Gemeinsam für eine Rehumanisierung der Medizin - sozialgerecht für den Bürger, leistungsgerecht für die Ärztinnen und Ärzte


Die Vollversammlung der Österreichischen Ärztekammer (ÖÄK) hat heute, Freitag, in Bad Gastein den Wiener Ärztekammerpräsidenten Thomas Szekeres zum neuen Präsidenten der ÖÄK gewählt. Er folgt damit Artur Wechselberger nach, der das Amt des Spitzenrepräsentanten der österreichischen Ärzteschaft seit 2012 innehatte.

Erster Vizepräsident wurde der Präsident der Steirischen Ärztekammer, Herwig Lindner, der schon bisher als Finanzreferent Mitglied des ÖÄK-Präsidiums war. Zum Obmann der Bundeskurie Angestellte Ärzte wurde Harald Mayer aus Oberösterreich für seine nunmehr vierte Amtsperiode wiederbestellt. Der Obmann der Kurie Niedergelassene Ärzte in Wien, Johannes Steinhart, wurde erneut zum Obmann der Bundeskurie Niedergelassene Ärzte gewählt. Mayer und Steinhart fungieren damit automatisch als Vizepräsidenten der Österreichischen Ärztekammer.

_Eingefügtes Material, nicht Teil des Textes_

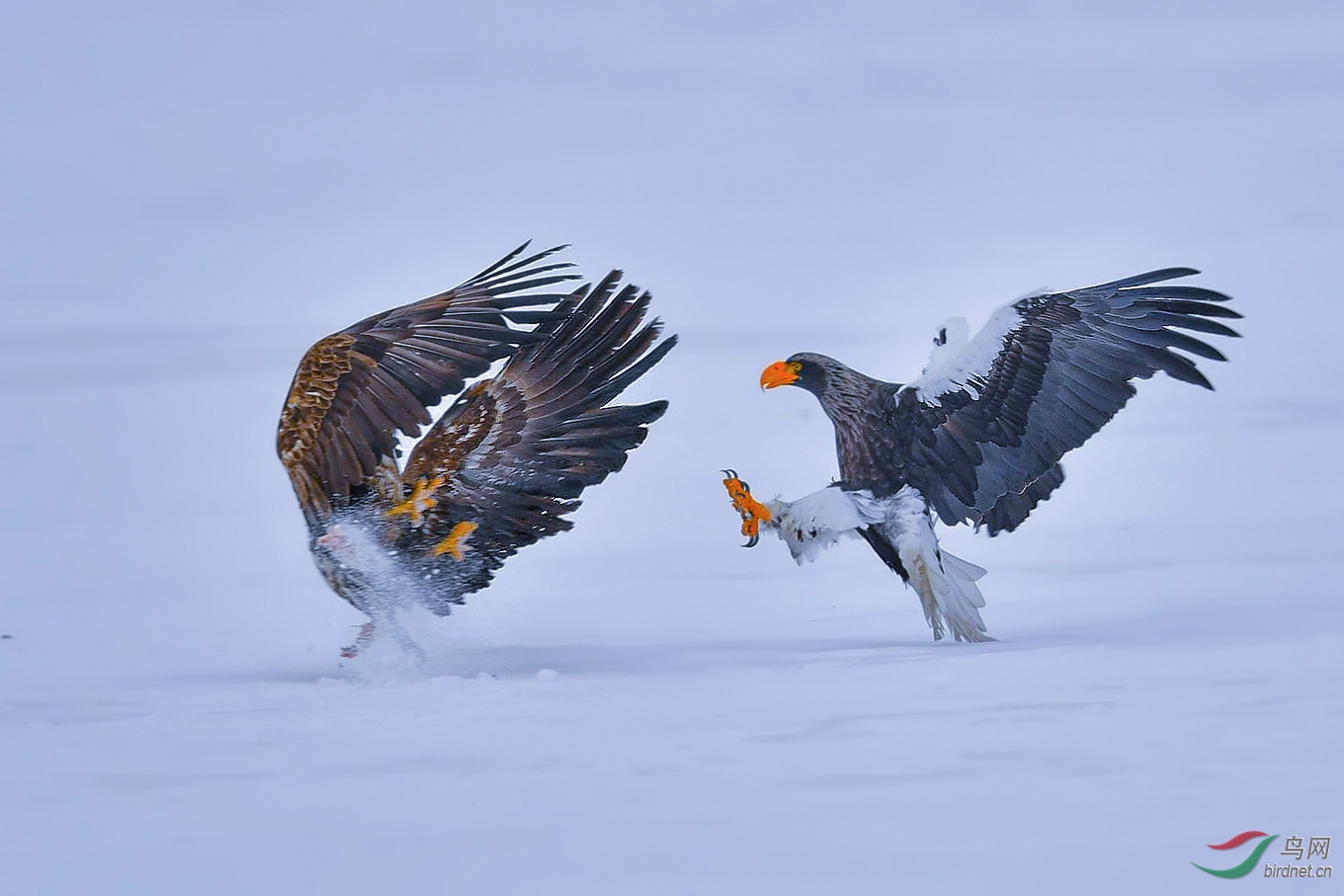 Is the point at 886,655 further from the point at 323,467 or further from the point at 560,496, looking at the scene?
the point at 323,467

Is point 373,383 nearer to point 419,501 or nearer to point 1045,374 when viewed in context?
point 419,501

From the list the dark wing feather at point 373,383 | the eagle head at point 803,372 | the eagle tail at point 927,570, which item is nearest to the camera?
the dark wing feather at point 373,383

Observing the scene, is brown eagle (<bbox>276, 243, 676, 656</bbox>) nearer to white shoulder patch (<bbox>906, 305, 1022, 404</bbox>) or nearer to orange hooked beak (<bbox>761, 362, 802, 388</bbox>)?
orange hooked beak (<bbox>761, 362, 802, 388</bbox>)

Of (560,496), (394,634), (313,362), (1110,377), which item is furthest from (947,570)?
(313,362)

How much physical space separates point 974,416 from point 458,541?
1.82m

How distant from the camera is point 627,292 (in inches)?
244

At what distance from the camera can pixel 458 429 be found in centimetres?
589

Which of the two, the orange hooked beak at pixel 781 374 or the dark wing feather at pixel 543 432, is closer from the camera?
the dark wing feather at pixel 543 432

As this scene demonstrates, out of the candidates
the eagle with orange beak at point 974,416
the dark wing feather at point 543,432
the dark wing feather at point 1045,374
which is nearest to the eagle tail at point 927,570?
the eagle with orange beak at point 974,416

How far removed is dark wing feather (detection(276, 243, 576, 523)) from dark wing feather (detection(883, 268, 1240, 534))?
1.39 metres

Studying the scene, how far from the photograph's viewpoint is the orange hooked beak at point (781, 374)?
6.30m

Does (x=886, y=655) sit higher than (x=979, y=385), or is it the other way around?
(x=979, y=385)

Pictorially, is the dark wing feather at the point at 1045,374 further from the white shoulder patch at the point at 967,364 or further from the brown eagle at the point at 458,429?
the brown eagle at the point at 458,429

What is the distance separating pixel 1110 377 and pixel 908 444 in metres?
0.73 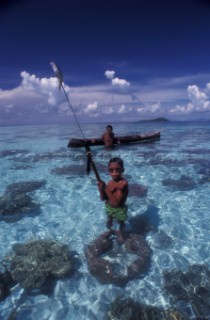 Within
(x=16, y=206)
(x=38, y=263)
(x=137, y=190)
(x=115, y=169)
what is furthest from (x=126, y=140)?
(x=16, y=206)

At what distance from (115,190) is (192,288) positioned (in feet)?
11.1

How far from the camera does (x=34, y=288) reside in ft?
22.9

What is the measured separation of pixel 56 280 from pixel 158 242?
3.72 metres

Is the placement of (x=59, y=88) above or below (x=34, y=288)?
above

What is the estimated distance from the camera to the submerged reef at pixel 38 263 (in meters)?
7.17

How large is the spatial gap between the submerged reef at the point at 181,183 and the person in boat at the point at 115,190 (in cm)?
680

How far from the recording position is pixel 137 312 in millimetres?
6078

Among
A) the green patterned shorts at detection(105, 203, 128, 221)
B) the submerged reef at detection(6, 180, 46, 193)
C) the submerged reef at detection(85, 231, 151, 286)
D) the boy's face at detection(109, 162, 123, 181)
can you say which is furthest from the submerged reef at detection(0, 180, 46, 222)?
the boy's face at detection(109, 162, 123, 181)

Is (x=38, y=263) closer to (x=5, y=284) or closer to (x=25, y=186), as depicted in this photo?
(x=5, y=284)


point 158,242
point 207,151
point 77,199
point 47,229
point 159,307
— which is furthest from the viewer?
point 207,151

In seiner Antrittsrede erinnert Szekeres an die drei Grundsätze des Hippokratischen Eides, der „uns Ärztinnen und Ärzte verpflichtet, ethisch zu handeln, sich dem Menschen zuzuwenden und unsere ganze Kraft darauf zu verwenden, Menschen zu heilen und Krankheiten zu lindern“. Ärztinnen und Ärzte müssten die Empathiker und Entschleuniger in einer Gesellschaft der Raserei sein, betont Szekeres:

Heute ist die Beziehung zwischen Arzt und Patient vor allem durch den wachsenden ökonomischen Druck und die steigende Verrechtlichung gekennzeichnet. Ärztinnen und Ärzte befinden sich täglich im Spannungsfeld zwischen ökonomischem Druck und ethischer Verpflichtung.“

Die Rahmenbedingungen zur Einhaltung dieser Verpflichtung müssten aber nach wie vor und unabhängig von der finanziellen Situation von Dienstgebern oder Krankenkassen zur Verfügung gestellt werden, fordert Szekeres.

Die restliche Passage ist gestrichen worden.